In "Armide" Gluck's instinct took its revenge upon his reason. He told a friend that he had written it more in the spirit of a poet and a painter than of a musician. However that may be, it is of all his works the richest in musical beauty. It has a voluptuous charm such as no music of Gluck's had previously possessed; in fact, such as was practically new to music altogether. The curious thing about "Armide" is that the libretto was one originally written by Quinault for Lulli some hundred years before Gluck took it in hand. Gluck, no doubt, was attracted by the romantic nature of the subject; but it is strange that he, who was so particular about his libretti, should have been content with so dreary and frigid a piece of work as this. However, his triumph was the greater, for he certainly owed nothing to the bald diction and conventional sentiments of his libretto.
"Armide" stands alone among Gluck's works, a strangely romantic figure in its sternly classical surroundings. In "Armide" Gluck shook himself free for once of his theories about opera and art and expression, and wrote as his natural instinct prompted him. There is little dramatic interest in "Armide"; it is concerned almost entirely with emotion, which is as much as to say that it is an ideal subject for opera. Had the libretto been worthy of the subject, there is no saying what Gluck might not have made of it. As it is, he produced a work which curiously anticipates the romantic triumphs of a later day, and has a peculiar value of its own to the student of Gluck's musical character.
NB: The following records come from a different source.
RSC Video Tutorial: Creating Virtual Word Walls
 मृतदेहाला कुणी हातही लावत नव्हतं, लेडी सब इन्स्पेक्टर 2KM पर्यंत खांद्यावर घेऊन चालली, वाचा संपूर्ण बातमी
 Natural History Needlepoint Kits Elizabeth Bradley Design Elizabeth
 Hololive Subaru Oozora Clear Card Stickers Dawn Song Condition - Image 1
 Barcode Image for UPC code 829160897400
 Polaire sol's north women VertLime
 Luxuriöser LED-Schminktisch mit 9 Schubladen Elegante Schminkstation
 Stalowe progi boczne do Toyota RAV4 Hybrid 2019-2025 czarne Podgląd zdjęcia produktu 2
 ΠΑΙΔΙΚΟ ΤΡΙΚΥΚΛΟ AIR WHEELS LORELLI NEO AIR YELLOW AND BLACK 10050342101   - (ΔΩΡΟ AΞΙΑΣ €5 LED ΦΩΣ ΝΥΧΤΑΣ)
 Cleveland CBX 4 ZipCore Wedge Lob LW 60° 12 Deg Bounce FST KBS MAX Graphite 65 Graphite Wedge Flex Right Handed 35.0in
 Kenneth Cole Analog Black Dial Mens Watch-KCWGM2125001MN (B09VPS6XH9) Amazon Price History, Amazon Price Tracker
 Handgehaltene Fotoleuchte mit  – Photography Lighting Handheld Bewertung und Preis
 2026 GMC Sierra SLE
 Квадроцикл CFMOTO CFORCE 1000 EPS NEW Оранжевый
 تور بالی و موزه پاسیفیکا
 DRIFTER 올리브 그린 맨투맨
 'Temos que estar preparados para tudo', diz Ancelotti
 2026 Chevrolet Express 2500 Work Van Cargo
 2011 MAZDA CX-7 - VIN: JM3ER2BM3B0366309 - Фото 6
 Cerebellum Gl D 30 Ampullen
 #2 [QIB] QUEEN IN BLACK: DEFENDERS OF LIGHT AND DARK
"Iphigénie en Tauride" is usually spoken of as Gluck's masterpiece, and so in a sense it is, though the almost total absence of love-interest robs it of a natural source of enchantment. In form it certainly is more perfect than any other work of Gluck's, the balance between lyrical and dramatic expression being preserved with singular justness. Though it can hardly be said to represent that ideal at which Gluck had been aiming all his life, it is a work of the utmost nobility and beauty.
Whether that union of music and drama at which Gluck aimed can be counted among the possibilities of art is a question that still awaits a satisfactory answer. It is certain that Gluck did not attain it, but, like so many other pioneers, while missing the goal at which he aimed, he did perhaps more for the world than if he had achieved his wished-for end. His operas are certainly not music-dramas in the modern sense of the word, but as a practical protest against the slipshod fashions of the time they accomplished a most valuable work.
Gluck is an interesting figure in other ways. He gives musical expression to the great idea that was animating the world at his time—the return to Nature, so fervidly preached by Rousseau. In an art so essentially conventional as opera, it is obvious that the "return to Nature" could only be effected in a very modified form; and in this respect, as in many others, Gluck often did his best work rather in spite of his theories than because of them. It is significant, indeed, that the one opera of his which still retains a wide popularity, "Orfeo," holds its place on the stage almost entirely by its lyrical qualities, while those in which the dramatic element is especially prominent have passed into something very like oblivion.
On the whole, the most important legacy that Gluck bequeathed to posterity was his conception of an opera as an artistic unity, not as a mere string of songs and dances often connected by the slightest of threads. He had the gift of suffusing each of his works in an atmosphere peculiar to itself, and this, with the noble dignity of his style, and his unfaltering worship of the loftiest artistic ideals, makes him a figure of singular importance in the history of opera.